How cognitive reserve helps protect seniors from cognitive decline

May, 2012
  • Greater cognitive activity doesn’t appear to prevent Alzheimer’s brain damage, but is associated with more neurons in the prefrontal lobe, as well as other gender-specific benefits.

Data from the very large and long-running Cognitive Function and Ageing Study, a U.K. study involving 13,004 older adults (65+), from which 329 brains are now available for analysis, has found that cognitive lifestyle score (CLS) had no effect on Alzheimer’s pathology. Characteristics typical of Alzheimer’s, such as plaques, neurofibrillary tangles, and hippocampal atrophy, were similar in all CLS groups.

However, while cognitive lifestyle may have no effect on the development of Alzheimer's pathology, that is not to say it has no effect on the brain. In men, an active cognitive lifestyle was associated with less microvascular disease. In particular, the high CLS group showed an 80% relative reduction in deep white matter lesions. These associations remained after taking into account cardiovascular risk factors and APOE status.

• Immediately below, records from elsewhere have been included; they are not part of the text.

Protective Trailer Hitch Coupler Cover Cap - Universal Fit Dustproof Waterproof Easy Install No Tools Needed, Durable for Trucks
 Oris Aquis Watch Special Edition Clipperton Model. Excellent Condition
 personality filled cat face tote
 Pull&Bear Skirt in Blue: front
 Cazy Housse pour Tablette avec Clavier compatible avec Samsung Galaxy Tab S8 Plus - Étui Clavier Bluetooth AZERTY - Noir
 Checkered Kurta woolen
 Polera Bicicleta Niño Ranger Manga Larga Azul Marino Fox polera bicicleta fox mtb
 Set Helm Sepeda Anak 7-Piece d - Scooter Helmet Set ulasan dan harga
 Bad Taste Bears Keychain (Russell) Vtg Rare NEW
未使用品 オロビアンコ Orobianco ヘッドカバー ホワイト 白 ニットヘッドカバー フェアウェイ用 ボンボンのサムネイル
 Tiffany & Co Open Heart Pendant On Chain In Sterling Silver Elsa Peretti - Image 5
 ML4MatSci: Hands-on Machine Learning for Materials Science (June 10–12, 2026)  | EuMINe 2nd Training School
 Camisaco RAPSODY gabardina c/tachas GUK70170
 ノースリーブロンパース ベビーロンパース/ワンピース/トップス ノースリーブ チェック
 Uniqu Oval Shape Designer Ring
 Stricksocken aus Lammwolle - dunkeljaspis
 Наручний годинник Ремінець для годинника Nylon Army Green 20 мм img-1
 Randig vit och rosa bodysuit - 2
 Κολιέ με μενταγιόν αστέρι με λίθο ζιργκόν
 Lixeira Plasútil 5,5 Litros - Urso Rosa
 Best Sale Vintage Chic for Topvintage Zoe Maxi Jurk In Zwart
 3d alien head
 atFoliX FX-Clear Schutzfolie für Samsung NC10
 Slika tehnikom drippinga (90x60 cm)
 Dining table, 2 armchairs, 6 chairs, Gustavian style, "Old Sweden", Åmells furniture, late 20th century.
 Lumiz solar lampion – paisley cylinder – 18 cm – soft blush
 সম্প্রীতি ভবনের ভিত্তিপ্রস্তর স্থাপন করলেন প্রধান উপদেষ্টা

This association was not found in women. However, women in the high CLS group tended to have greater brain weight.

In both genders, high CLS was associated with greater neuronal density and cortical thickness in Brodmann area 9 in the prefrontal lobe (but not, interestingly, in the hippocampus).

Cognitive lifestyle score is produced from years of education, occupational complexity coded according to social class and socioeconomic grouping, and social engagement based on frequency of contact with relatives, neighbors, and social events.

The findings provide more support for the ‘cognitive reserve’ theory, and shed some light on the mechanism, which appears to be rather different than we imagined. It may be that the changes in the prefrontal lobe (that we expected to see in the hippocampus) are a sign that greater cognitive activity helps you develop compensatory networks, rather than building up established ones. This would be consistent with research suggesting that older adults who maintain their cognitive fitness do so by developing new strategies that involve different regions, compensating for failing regions.